Helen Mary Littlejohn

Helen Mary Littlejohn was born circa 1870, the daughter of Alexander and Mary Littlejohn. Helen supported her father in his philanthropy and was the driving force behind the opening of the Ardgay Institute. She married John Bruce Williamson in 1931. She was elected as president of the Easter Ross Group of Ross-shire federation in 1932. Helen Williamson died in London in 1934. The Mrs Bruce Williamson Vases continue to be presented each year at the annual Federation Handcraft show.

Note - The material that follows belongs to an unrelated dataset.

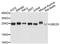 Ubiquitin Conjugating Enzyme E2 S antibody, PA5-76174, Invitrogen Antibodies, Western Blot image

Lady Margery Jean Brooke MBE

Lady Margery Jean Brooke MBE was born circa 1886 and was the daughter of Alexander Geddes of Blairmore of Glass, Aberdeenshire, a great-great grandfather of former British Prime Minister David Cameron. She was married in 1909 to Sir Robert Weston Brooke, an officer in the Queen’s Own Yorkshire Dragoons. Lady Brooke lived at Fearn Lodge where she was Vice President of Ardgay Institute and she was awarded an MBE in 1920 for services to the Red Cross and the Easter Ross Nursing Association. Her grandson described her as a formidable lady who lived through many tragic losses of direct family members. She was a lady of strong right wing political views and regularly wrote to the Prime Minister and the Chancellor of the Exchequer and towards the end of her life she was quoted to have said that she had had a full life and didn’t much like the country’s politics so now was the time to die. She died in May 1975.

Mrs Isabella Ellis

Mrs Ellis was born circa 1867 Isabella Nicol and she was married in 1902 to James A. Ellis at Blythswood in Glasgow. The couple owned the Post Office and the grocer’s shop in Ardgay. She was a well-respected member of the community. James was involved in organising the Home Defence Volunteer Service during WW2 shortly before his death in 1942. Isabella died in 1950.

Patience R. Mcgregor

Patience R. McGregor.  / © Sarah Horne
Patience R. McGregor.  / © Sarah Horne
Patience R. McGregor.  / © Sarah Horne
Patience R. McGregor.  / © Sarah Horne

Patience R. McGregor was born in 1911 as Patience Richenda Bland. Her Great Aunt was Elizabeth Fry, the social and prison reformer depicted on the Bank of England £5 notes. She was an excellent sports woman and a very talented artist, and wrote very fine poetry. She became a County Councillor for the Suffolk Country Council and served on the Education and Public Health Committee. At the beginning of the war she joined the Ambulance Service. She set up the first ‘Youth Service Squad’, for young people to undertake useful work within the village. She was asked to join the Government’s Youth Committee with Richard Austin (RAB) Butler, a British Conservative politician and Education Minister, where they set up the ‘Youth Service Volunteers’, a service where camps were set up to cater for 14 to 16 year-olds. There were forestry camps and fruit picking camps, where young people from boarding schools and big manufacturing firms in the towns and cities could mix and have a break from the bombing at home. In 1945 she married Donald McGregor and in 1949 they moved to Bonar Bridge where Donald became the GP and Patience his unpaid receptionist. Patience soon got involved in village life with Brownies, Guides, Sunday School and the WRI. In 1958 she started an extremely successful Home Baking business selling wonderful home-made sweets and home baking from a slot machine, ‘The Ever Open Shop’, just outside the house. She learnt to weave and in the mid 60s she set up Kyleside Weaving and Handcraft which sold weaving, stag horn buttons and handmade goods, providing employment for many home workers. She continued to run the shop till she was 81, and died after a short illness in 1993.